Pathological Study of Junk Mails
Ever heard of programming contests where people are competing to write
the most obfuscated code? There are programming languages that are far
easier than others to write really gibberish-looking code (see here and here),
and I'm afraid HTML is one of them (well arguably HTML is not a programming
language, in the traditional sense). That's right, my friends, these
guys behind the junk mails are playing exactly this kind of games to
evade the ever more powerful and robust statistical junk filters.
This page is devoted to the study of the obfuscated HTML - in particular,
for its use in junk emails. My hope is through spreading the knowledge
of the techniques the spammers use, we can better defend ourselves. You
are welcome to send me new cases and your study - or even better, a solution
to block them through decoding/pattern matching.
(Almost all of the tricks documented here have been addressed in the
implementation of JunkMatcher)
- Case 1: Hiding messages using tables
- Case 2: Using
<base ...> tag
to hide external links
- Case 3: Using white font color to hide texts
(updated 20040202)
- Case 4: Using
<meta http-equiv="refresh"...> trick
- Case 5: Abusing Google/Yahoo/MSN to redirect
(updated 20040425)
- Case 6: Obfuscating a URL (updated 20040128)

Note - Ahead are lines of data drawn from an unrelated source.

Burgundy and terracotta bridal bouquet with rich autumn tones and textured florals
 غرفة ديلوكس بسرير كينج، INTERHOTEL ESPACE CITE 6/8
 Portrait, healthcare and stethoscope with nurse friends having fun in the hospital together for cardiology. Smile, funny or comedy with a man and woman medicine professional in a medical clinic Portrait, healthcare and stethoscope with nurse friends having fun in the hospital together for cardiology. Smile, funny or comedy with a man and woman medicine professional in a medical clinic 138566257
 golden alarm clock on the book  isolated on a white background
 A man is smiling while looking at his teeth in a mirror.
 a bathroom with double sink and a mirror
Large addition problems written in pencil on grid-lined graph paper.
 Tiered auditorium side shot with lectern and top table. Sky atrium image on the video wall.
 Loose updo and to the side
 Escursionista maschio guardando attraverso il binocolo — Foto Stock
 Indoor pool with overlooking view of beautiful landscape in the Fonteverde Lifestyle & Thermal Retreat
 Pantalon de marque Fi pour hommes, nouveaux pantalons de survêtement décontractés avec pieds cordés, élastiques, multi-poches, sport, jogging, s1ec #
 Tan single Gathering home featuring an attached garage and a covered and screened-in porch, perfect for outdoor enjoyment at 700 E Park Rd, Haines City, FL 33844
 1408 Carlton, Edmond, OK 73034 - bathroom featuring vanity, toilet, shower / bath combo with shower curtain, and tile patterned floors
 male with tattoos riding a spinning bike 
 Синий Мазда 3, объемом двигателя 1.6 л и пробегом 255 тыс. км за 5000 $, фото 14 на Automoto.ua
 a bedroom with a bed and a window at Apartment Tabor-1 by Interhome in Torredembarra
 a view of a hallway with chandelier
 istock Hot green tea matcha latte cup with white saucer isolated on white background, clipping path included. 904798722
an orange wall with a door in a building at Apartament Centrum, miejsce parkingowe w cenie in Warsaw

- Case 7: Using tiny font to hide gibberish
(updated 20040304)
- Case 8: Web tracking tricks
- Case 9: Vacuous tags (updated 20040425)
- Case 10: Hidden URLs
Case 1: Hiding messages using tables
This is a perfect example showing how obfuscated HTML can be. First,
here is the message you will see in any modern HTML-capable email client:
And you can click here to see the source
code (the links are edited out, and it's reformatted for clarity and
saved in text file format). Doesn't that look innocent? Now, look closer.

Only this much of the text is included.